Governor of Kaduna State
- In office August 1985 – June 1988
- Preceded by: Usman Mu'azu
- Succeeded by: Abdullahi Sarki Mukhtar

Personal details
- Born: 21 September 1949 (age 76) Birnin Kebbi, Kebbi State, Nigeria
- Parent: Umaru Nassarawa (father)

Military service
- Allegiance: Nigeria
- Branch/service: Nigerian Army
- Rank: Colonel

= Dangiwa Umar =

Nigerian soldier and politician

Abubakar Dangiwa Umar (born 21 September 1949) was governor of Kaduna state in Nigeria from August 1985 to June 1988 during the military regime of General Ibrahim Babangida.
After retiring from the army in 1993, he became a social critic and the founder of Movement for Unity and Progress, a political party.

==Birth and education==

Umar was born on 21 September 1949 in Birnin Kebbi, Kebbi State. His father, Umaru Nassarawa, was a school teacher and administrator with the traditional title of Waziri of Gwandu who became a member of the House of Representatives in Lagos (1954 - 1964) and Commissioner for Works in the North-Western State (1968 - 1975).

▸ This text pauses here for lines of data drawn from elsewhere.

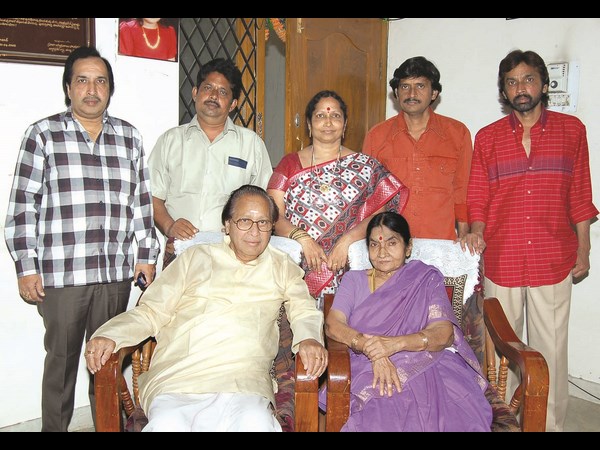 నటుడు కాంతారావు భార్య హైమావతికి రమణాచారి ఆర్ధిక సహాయం (ఫోటోలు) 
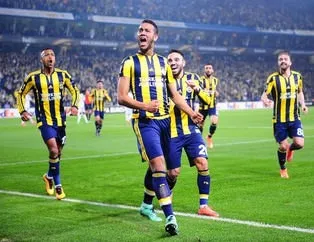 Fener Rusları sahaya gömdü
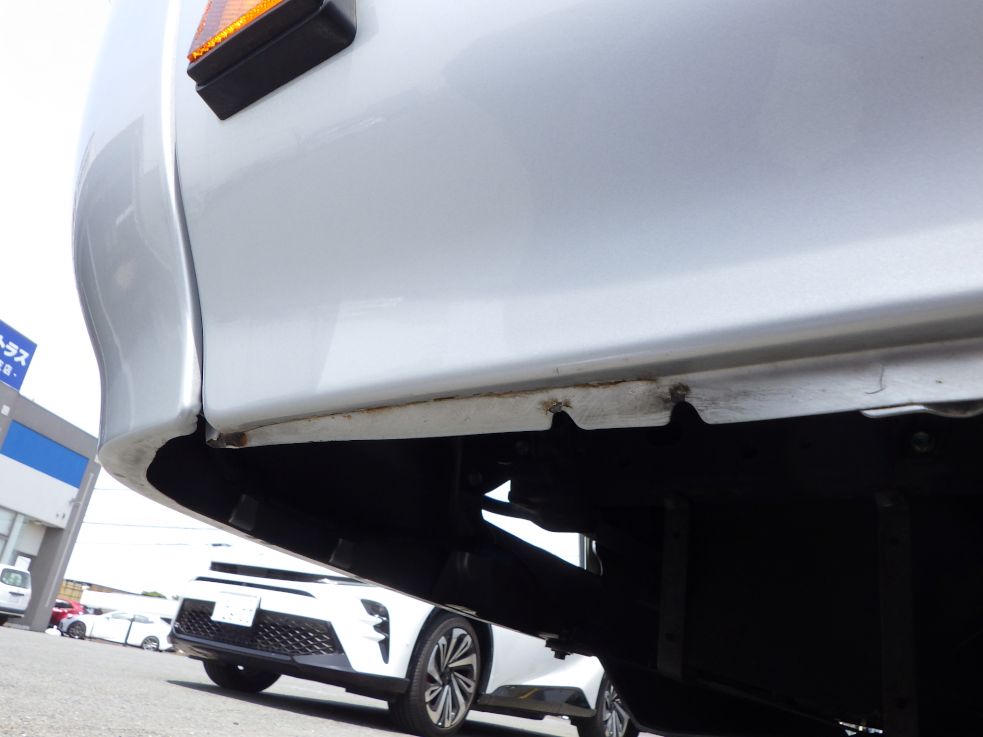 助手席側ドア前方に軽い曲がりがあります。|日野 デュトロ SKG-XZB50Mの写真27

Umar was educated at Government College, Sokoto (1964 - 1968), Nigerian Defence Academy, Kaduna, (1967 - 1972), Nigeria Army Armored School, Ibadan, (1972), US Army Administration School, Fort Benjamin Harrison, Indiana, USA (1976), Royal Armour School, Kentucky, USA (1977 - 1978), Command and Staff College, Jaji (1978 - 1979 and 1982 - 1983), Bayero University, Kano (1979 - 1981), Harvard University, USA (1988 - 1989).

==Military career==

Umar joined the Nigerian Army in 1967 and was commissioned as Second Lieutenant in March 1972.
He held various positions, including ADC to Major General Hassan Usman Katsina, Deputy Chief of Staff, Supreme Headquarters.
Umar was appointed General Staff Officer in the Department of Armour, Army Headquarters.
At the time of the coup of 27 August 1985 in which General Ibrahim Babangida assumed power he was a Major and Chairman of the Federal Housing Authority (1984 - 1985).
He supported the coup, and after it succeeded he was appointed Governor of Kaduna State. Later he was promoted to Lt. Colonel.

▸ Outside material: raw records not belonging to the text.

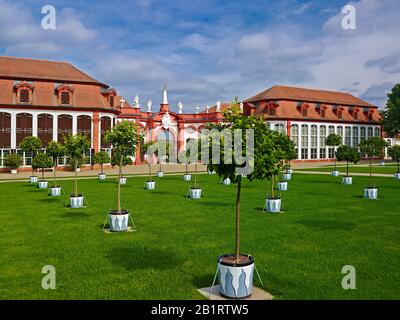 Orangerie con la Tor Memmelsdorfer nel parco dello Schloss Seehof a Memmelsdorf, alta Franconia, Baviera, Germania Foto Stock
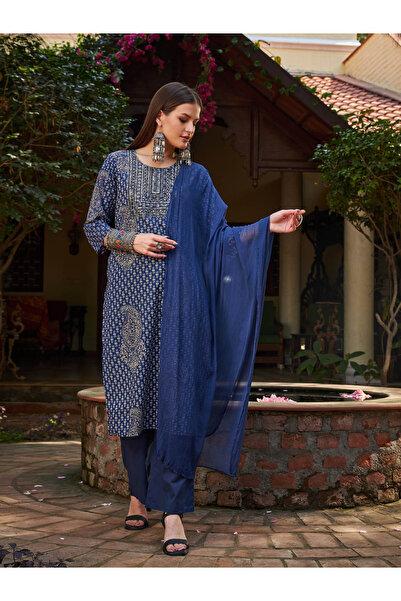 Sassafras By Styli Navy Blue Floral Kurta with Pencil Pants and Dupatta Set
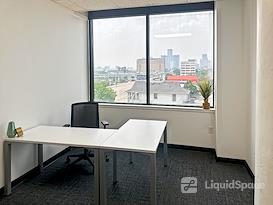 HQ | MI, Detroit - Jefferson Ave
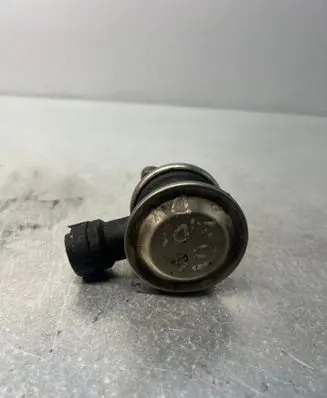 Volkswagen Golf IV EGR valve 06A131351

Umar was Military Governor of Kaduna State from September 1985 to June 1988, during a period when funding was scarce.
He had to deal with a serious religious crisis within the state in 1987, becoming unpopular with all sides of the dispute.
He said "If you win a religious war, you cannot win a religious peace [...] Since the killing started how many Christians have been converted to Islam? How many Muslims have been converted to Christianity? It is an exercise in futility".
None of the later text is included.